Disclaimer : Okay. This answer is a bit long. So have patience while reading it. If you already know these things, reading them again won't make you crazy.
Pre-requisites : An elementary knowledge of C++ Standard
What are Sequence Points?
The Standard says
At certain specified points in the execution sequence called sequence points, all side effects of previous evaluations
shall be complete and no side effects of subsequent evaluations shall have taken place. (§1.9/7)
Side effects? What are side effects?
Evaluation of an expression produces something and if in addition there is a change in the state of the execution environment it is said that the expression (its evaluation) has some side effect(s).
For example:
int x = y++; //where y is also an int
In addition to the initialization operation the value of y gets changed due to the side effect of ++ operator.
So far so good. Moving on to sequence points. An alternation definition of seq-points given by the comp.lang.c author Steve Summit:
Sequence point is a point in time at which the dust has settled and all side effects which have been seen so far are guaranteed to be complete.
What are the common sequence points listed in the C++ Standard?
Those are:
at the end of the evaluation of full expression (§1.9/16) (A full-expression is an expression that is not a subexpression of another expression.)1
Example :
int a = 5; // ; is a sequence point here
in the evaluation of each of the following expressions after the evaluation of the first expression (§1.9/18) 2
a && b (§5.14)
a || b (§5.15)
a ? b : c (§5.16)
a , b (§5.18) (here a , b is a comma operator; in func(a,a++) , is not a comma operator, it's merely a separator between the arguments a and a++. Thus the behaviour is undefined in that case (if a is considered to be a primitive type))
at a function call (whether or not the function is inline), after the evaluation of all function arguments (if any) which
takes place before execution of any expressions or statements in the function body (§1.9/17).
1 : Note : the evaluation of a full-expression can include the evaluation of subexpressions that are not lexically
part of the full-expression. For example, subexpressions involved in evaluating default argument expressions (8.3.6) are considered to be created in the expression that calls the function, not the expression that defines the default argument
2 : The operators indicated are the built-in operators, as described in clause 5. When one of these operators is overloaded (clause 13) in a valid context, thus designating a user-defined operator function, the expression designates a function invocation and the operands form an argument list, without an implied sequence point between them.
What is Undefined Behaviour?
The Standard defines Undefined Behaviour in Section §1.3.12 as
behavior, such as might arise upon use of an erroneous program construct or erroneous data, for which this International Standard imposes no requirements 3.
Undefined behavior may also be expected when this
International Standard omits the description of any explicit definition of behavior.
3 : permissible undefined behavior ranges from ignoring the situation completely with unpredictable results, to behaving during translation or program execution in a documented manner characteristic of the environment (with or with-
out the issuance of a diagnostic message), to terminating a translation or execution (with the issuance of a diagnostic message).
In short, undefined behaviour means anything can happen from daemons flying out of your nose to your girlfriend getting pregnant.
What is the relation between Undefined Behaviour and Sequence Points?
Before I get into that you must know the difference(s) between Undefined Behaviour, Unspecified Behaviour and Implementation Defined Behaviour.
You must also know that the order of evaluation of operands of individual operators and subexpressions of individual expressions, and the order in which side effects take place, is unspecified.
For example:
int x = 5, y = 6;
int z = x++ + y++; //it is unspecified whether x++ or y++ will be evaluated first.
Another example here.
Now the Standard in §5/4 says
Between the previous and next sequence point a scalar object shall have its stored value modified at most once by the evaluation of an expression.
What does it mean?
Informally it means that between two sequence points a variable must not be modified more than once.

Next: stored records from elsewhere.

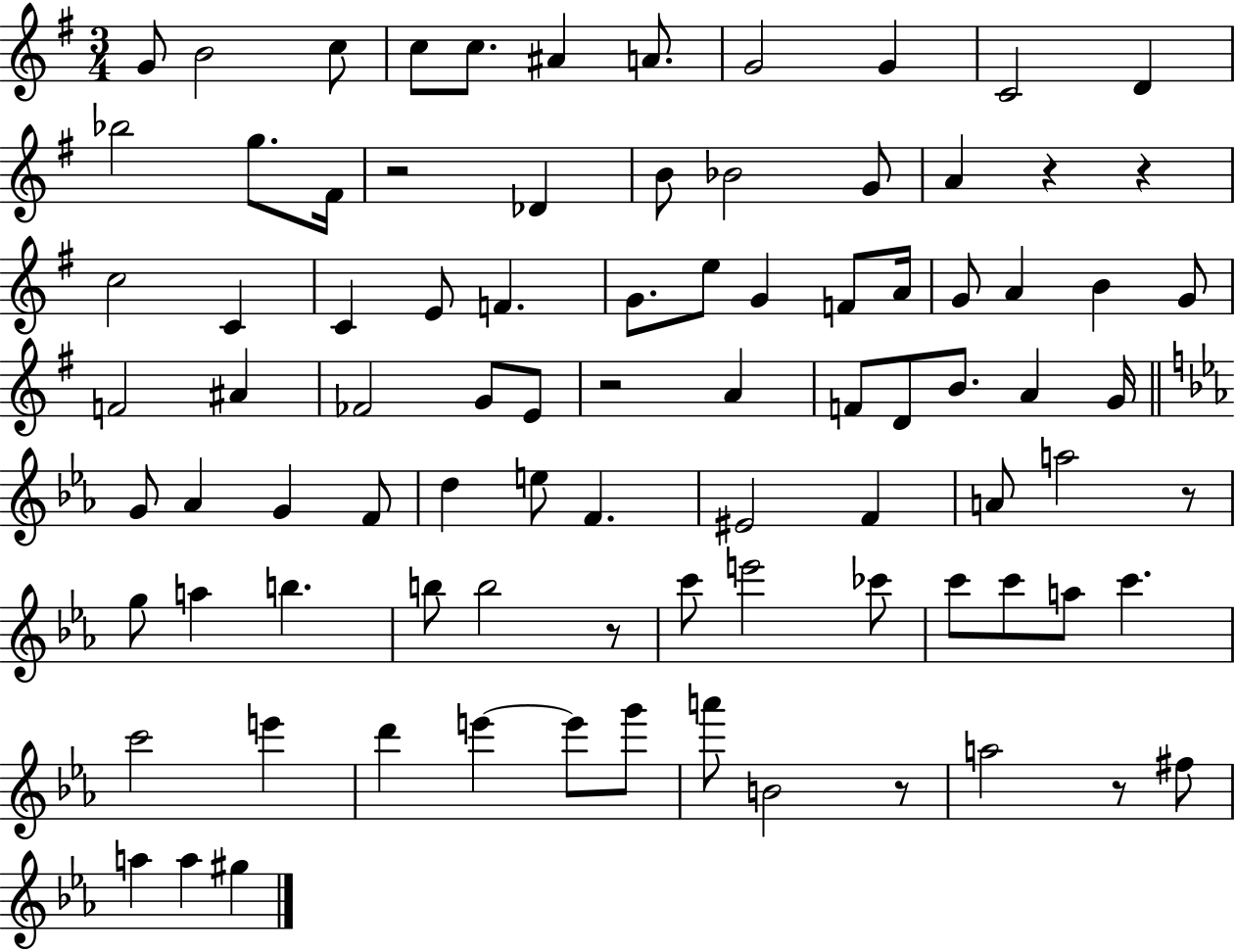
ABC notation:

X:1
T:Untitled
M:3/4
L:1/4
K:G
G/2 B2 c/2 c/2 c/2 ^A A/2 G2 G C2 D _b2 g/2 ^F/4 z2 _D B/2 _B2 G/2 A z z c2 C C E/2 F G/2 e/2 G F/2 A/4 G/2 A B G/2 F2 ^A _F2 G/2 E/2 z2 A F/2 D/2 B/2 A G/4 G/2 _A G F/2 d e/2 F ^E2 F A/2 a2 z/2 g/2 a b b/2 b2 z/2 c'/2 e'2 _c'/2 c'/2 c'/2 a/2 c' c'2 e' d' e' e'/2 g'/2 a'/2 B2 z/2 a2 z/2 ^f/2 a a ^g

In an expression statement, the next sequence point is usually at the terminating semicolon, and the previous sequence point is at the end of the previous statement. An expression may also contain intermediate sequence points.
From the above sentence the following expressions invoke Undefined Behaviour:
i++ * ++i; // UB, i is modified more than once btw two SPs
i = ++i; // UB, same as above
++i = 2; // UB, same as above
i = ++i + 1; // UB, same as above
++++++i; // UB, parsed as (++(++(++i)))
i = (i, ++i, ++i); // UB, there's no SP between `++i` (right most) and assignment to `i` (`i` is modified more than once btw two SPs)
But the following expressions are fine:
i = (i, ++i, 1) + 1; // well defined (AFAIK)
i = (++i, i++, i); // well defined
int j = i;
j = (++i, i++, j*i); // well defined
Furthermore, the prior value shall be accessed only to determine the value to be stored.
What does it mean? It means if an object is written to within a full expression, any and all accesses to it within the same expression must be directly involved in the computation of the value to be written.
For example in i = i + 1 all the access of i (in L.H.S and in R.H.S) are directly involved in computation of the value to be written. So it is fine.
This rule effectively constrains legal expressions to those in which the accesses demonstrably precede the modification.
Example 1:
std::printf("%d %d", i,++i); // invokes Undefined Behaviour because of Rule no 2
Example 2:
a[i] = i++ // or a[++i] = i or a[i++] = ++i etc
is disallowed because one of the accesses of i (the one in a[i]) has nothing to do with the value which ends up being stored in i (which happens over in i++), and so there's no good way to define--either for our understanding or the compiler's--whether the access should take place before or after the incremented value is stored. So the behaviour is undefined.
Example 3 :
int x = i + i++ ;// Similar to above
Follow up answer for C++11 here.
This is a follow up to my previous answer and contains C++11 related material..
Pre-requisites : An elementary knowledge of Relations (Mathematics).
Is it true that there are no Sequence Points in C++11?
Yes! This is very true.
Sequence Points have been replaced by Sequenced Before and Sequenced After (and Unsequenced and Indeterminately Sequenced) relations in C++11.
What exactly is this 'Sequenced before' thing?
Sequenced Before(§1.9/13) is a relation which is:
Asymmetric
Transitive
between evaluations executed by a single thread and induces a strict partial order1
Formally it means given any two evaluations(See below) A and B, if A is sequenced before B, then the execution of A shall precede the execution of B. If A is not sequenced before B and B is not sequenced before A, then A and B are unsequenced 2.
Evaluations A and B are indeterminately sequenced when either A is sequenced before B or B is sequenced before A, but it is unspecified which3.
[NOTES]
1 : A strict partial order is a binary relation "<" over a set P which is asymmetric, and transitive, i.e., for all a, b, and c in P, we have that:
........(i). if a < b then ¬ (b < a) (asymmetry);
........(ii). if a < b and b < c then a < c (transitivity).
2 : The execution of unsequenced evaluations can overlap.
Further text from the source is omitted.